(Exercise)
From the first line to the last, reproduce the records below exactly, omitting any picture.

(Input data)
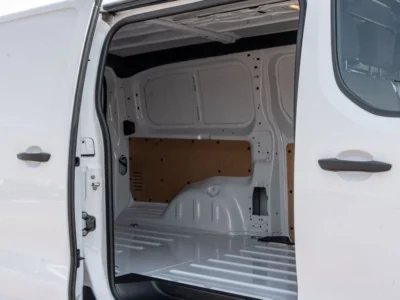 2026 Citroen Jumpy 2.0L 4-Cylinder Turbo Diesel Engine White Black Cargo Van GCC Specs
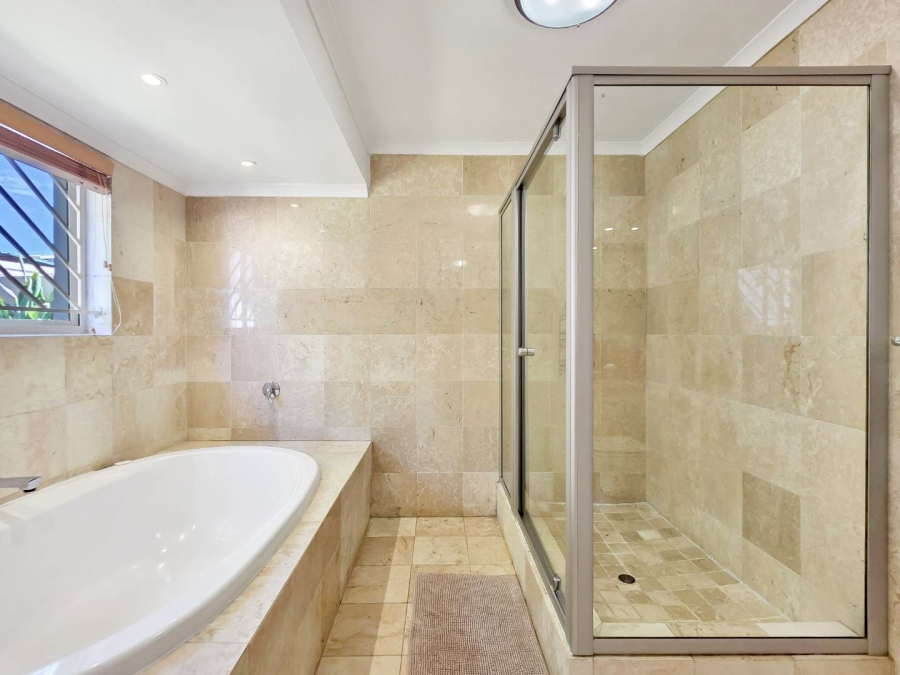 4 Bedroom Property for Sale in Fresnaye Western Cape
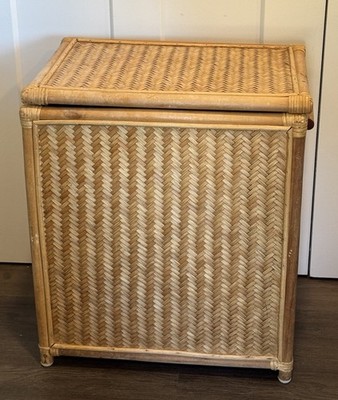 Wicker Rattan Laundry Clothes Hamper w/Hinged Top Super Nice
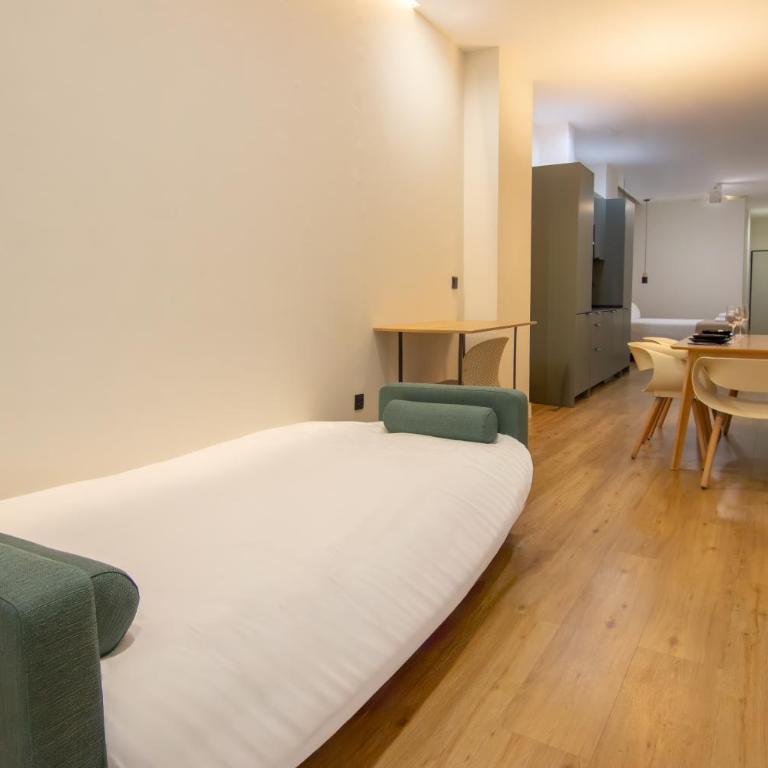 RentalSevilla Luz Arriero - Estudio con acceso al gimnasio - 3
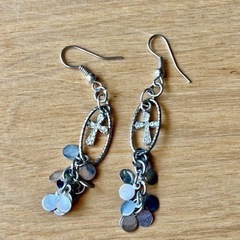 クリスタルクロスのキラキラピアス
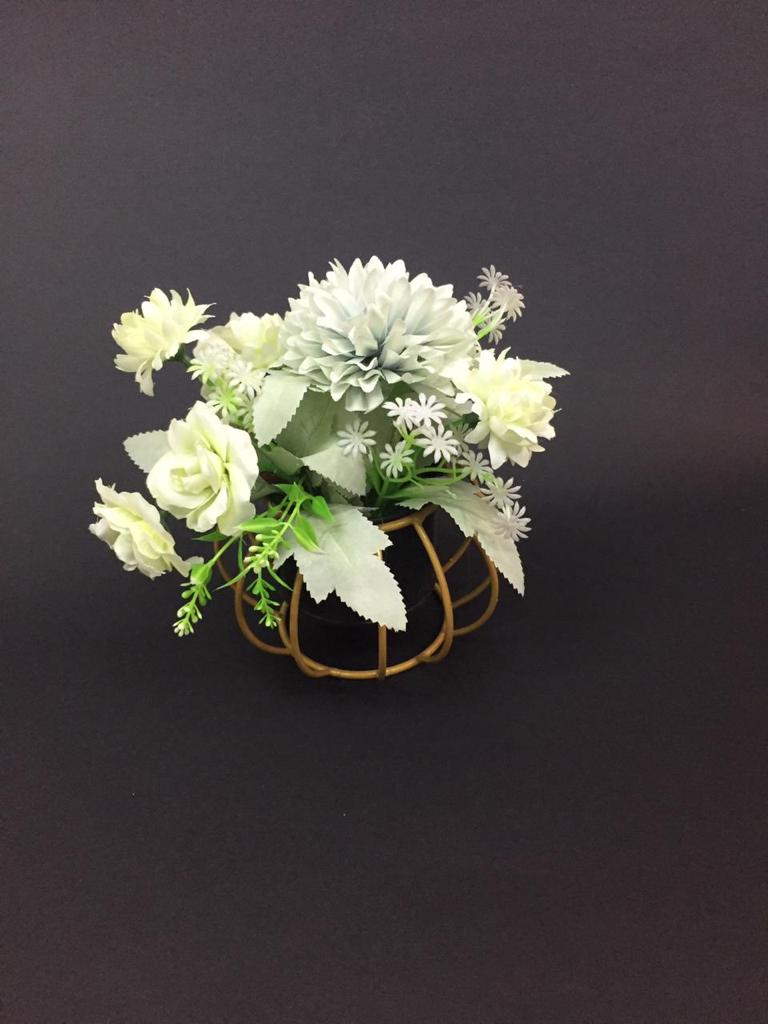 Metal Pots Enclosed In Ring Design With Extravagant Flower Bunch Tamrapatra
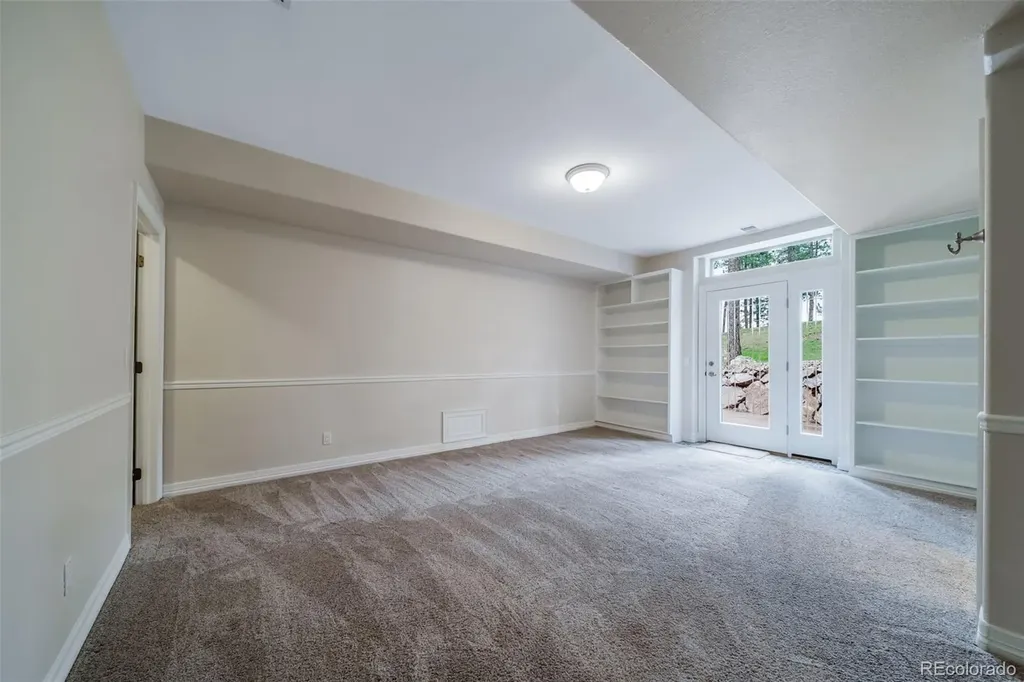 4336 Mohawk Drive Larkspur CO 80118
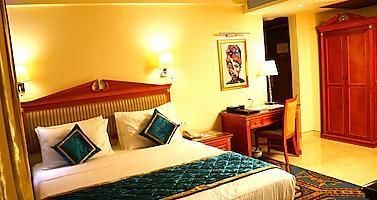 1 King Bed Executive Room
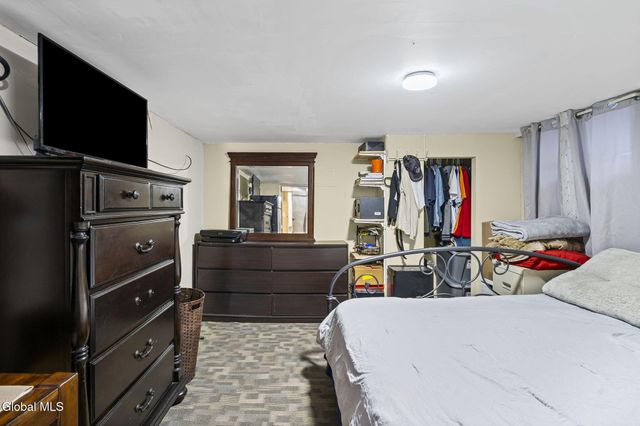 1468 Helderberg Avenue, Rotterdam, NY 12306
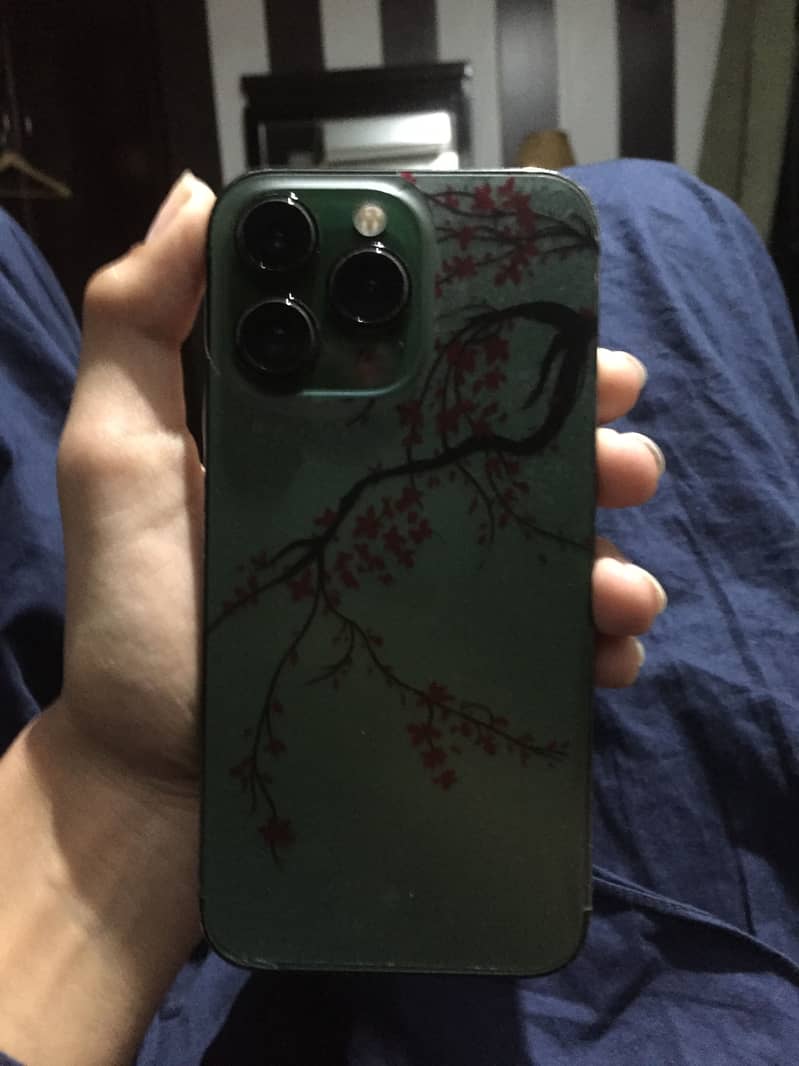 Apple iPhone 13 Pro 4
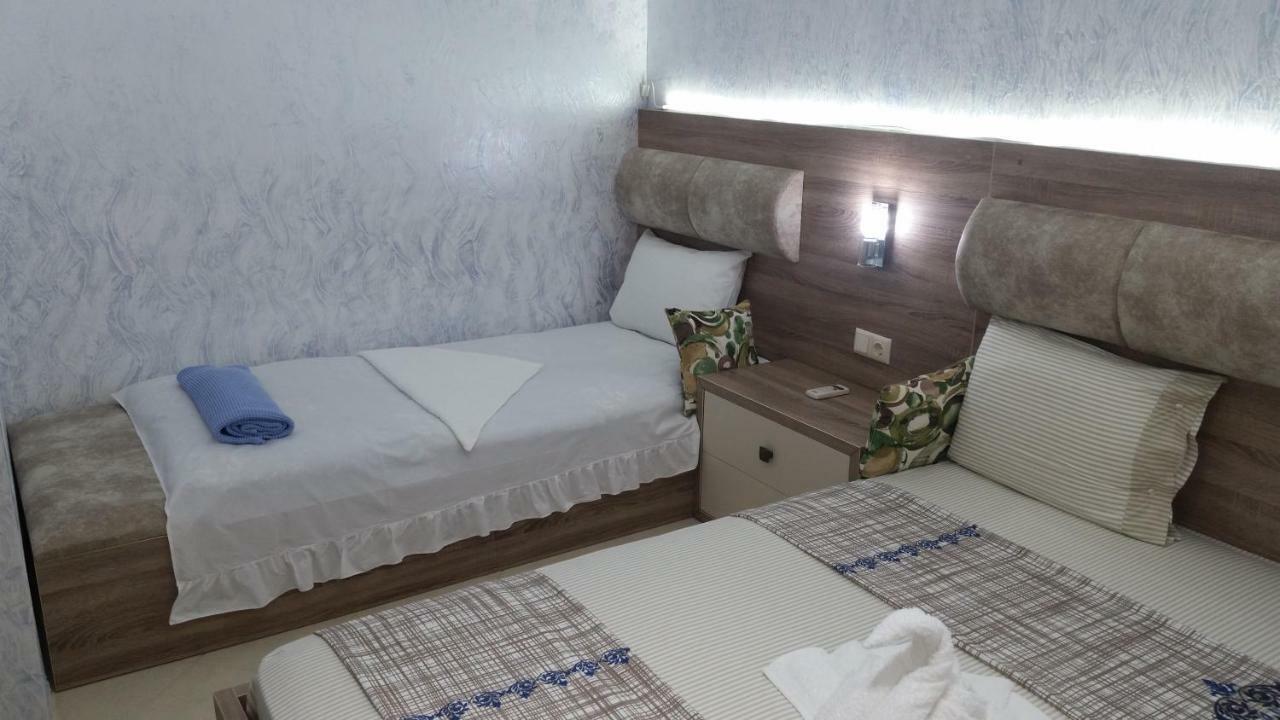 Hotel Ergo บาทูมิ ภายนอก รูปภาพ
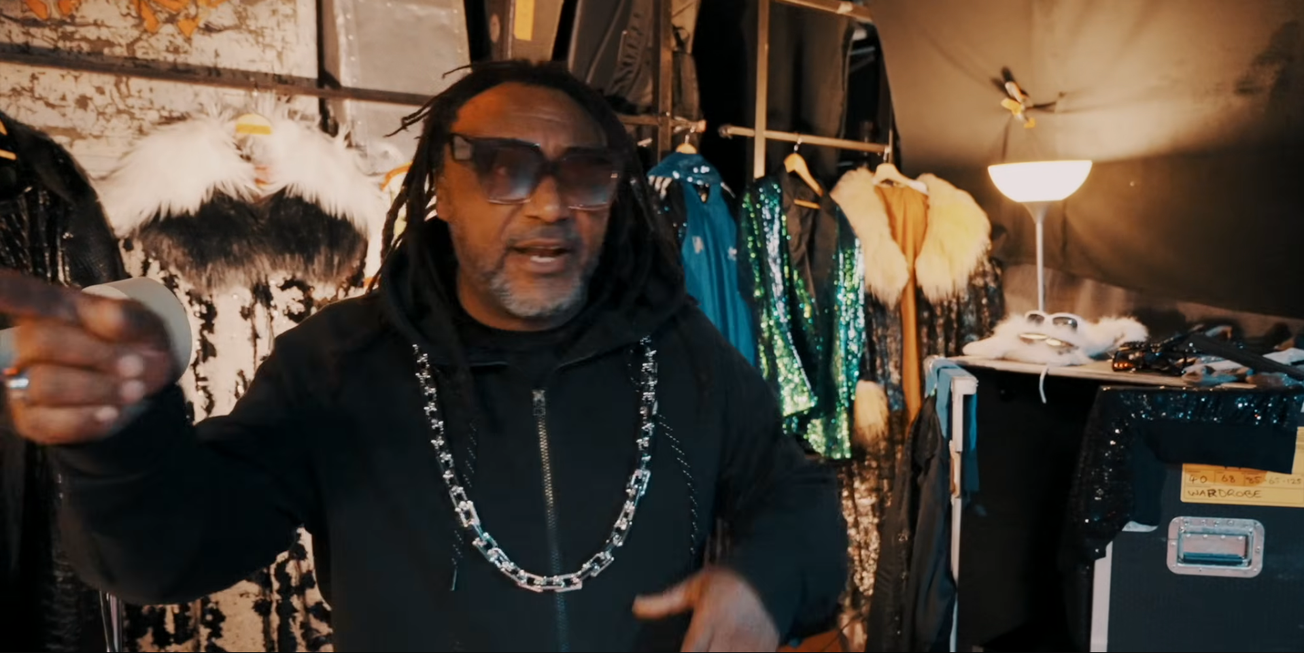 Skindred Highlight Frontman Benji Webbe's Wardrobe In New Video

(Worked solution)
 2026 Citroen Jumpy 2.0L 4-Cylinder Turbo Diesel Engine White Black Cargo Van GCC Specs
 4 Bedroom Property for Sale in Fresnaye Western Cape
 Wicker Rattan Laundry Clothes Hamper w/Hinged Top Super Nice
 RentalSevilla Luz Arriero - Estudio con acceso al gimnasio - 3
 クリスタルクロスのキラキラピアス
 Metal Pots Enclosed In Ring Design With Extravagant Flower Bunch Tamrapatra
 4336 Mohawk Drive Larkspur CO 80118
 1 King Bed Executive Room
 1468 Helderberg Avenue, Rotterdam, NY 12306
 Apple iPhone 13 Pro 4
 Hotel Ergo บาทูมิ ภายนอก รูปภาพ
 Skindred Highlight Frontman Benji Webbe's Wardrobe In New Video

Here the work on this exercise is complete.